▶ [The task]: Reproduce exactly the line containing "Aursilos Premium Nordic" and each line after it until the listing ends, leaving pictures out.

▶ [Raw data]:

════════════════

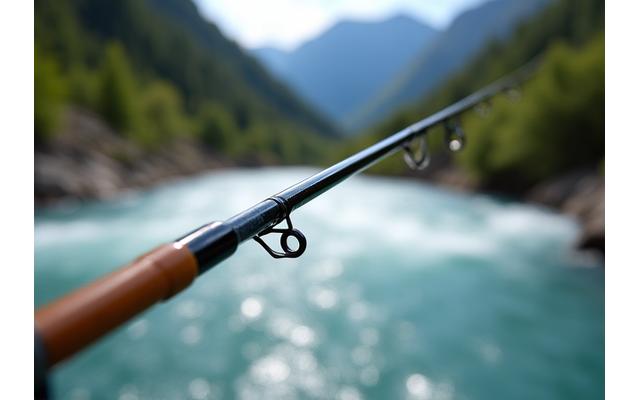 Moderne High-End Carbon-Fliegenrute mit präzisem Rollenhalter vor dem Hintergrund einer alpinen Landschaft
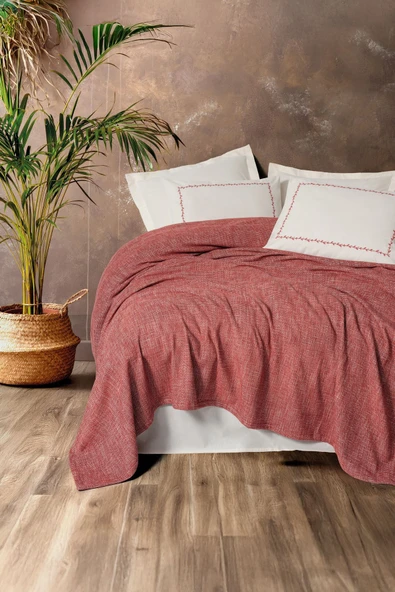 Cotton Box Embrova Çift Kişilik Pike Takımı Şönil Loom Bordo - 1
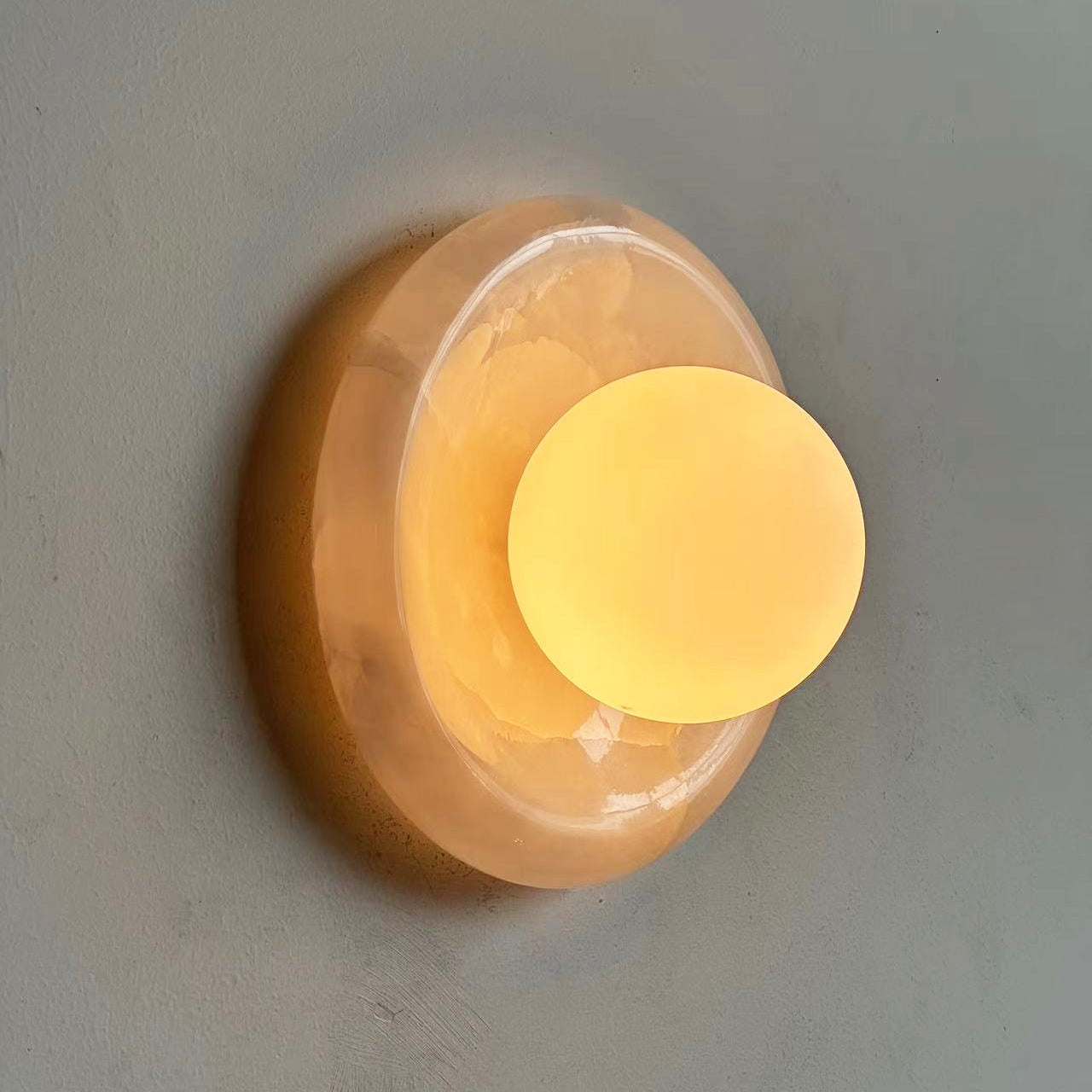 Aursilos Premium Nordic Art White Jade Glass Sconce Wall Lamp - Neutral Decor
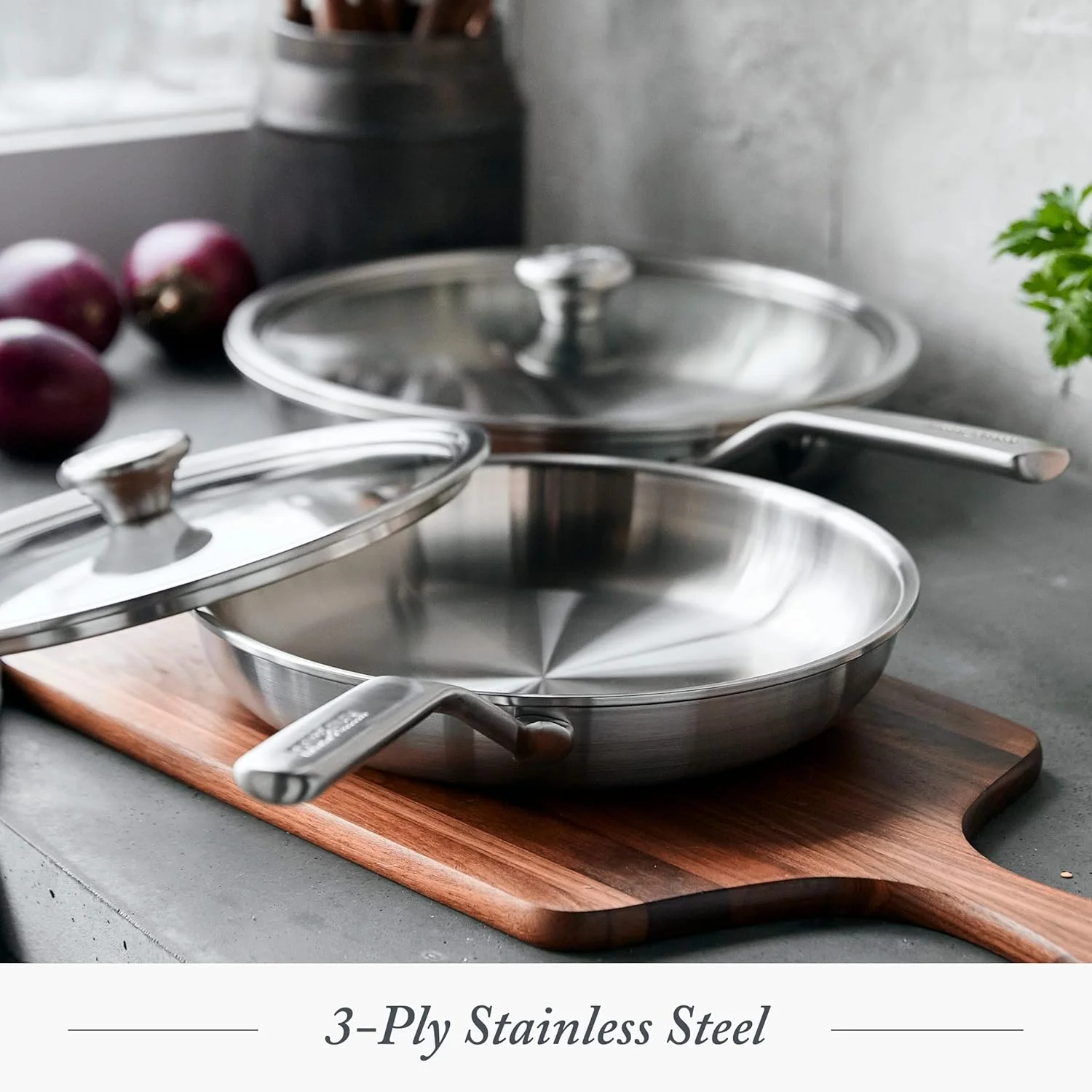 Merten & Storck Tri-Ply Stainless Steel Induction 26cm and 30cm Frying Pan Skillet Set with Lids, Multi Clad, Oven Safe, Silver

════════════════

▶ [Output for this exercise]:
 Aursilos Premium Nordic Art White Jade Glass Sconce Wall Lamp - Neutral Decor
 Merten & Storck Tri-Ply Stainless Steel Induction 26cm and 30cm Frying Pan Skillet Set with Lids, Multi Clad, Oven Safe, Silver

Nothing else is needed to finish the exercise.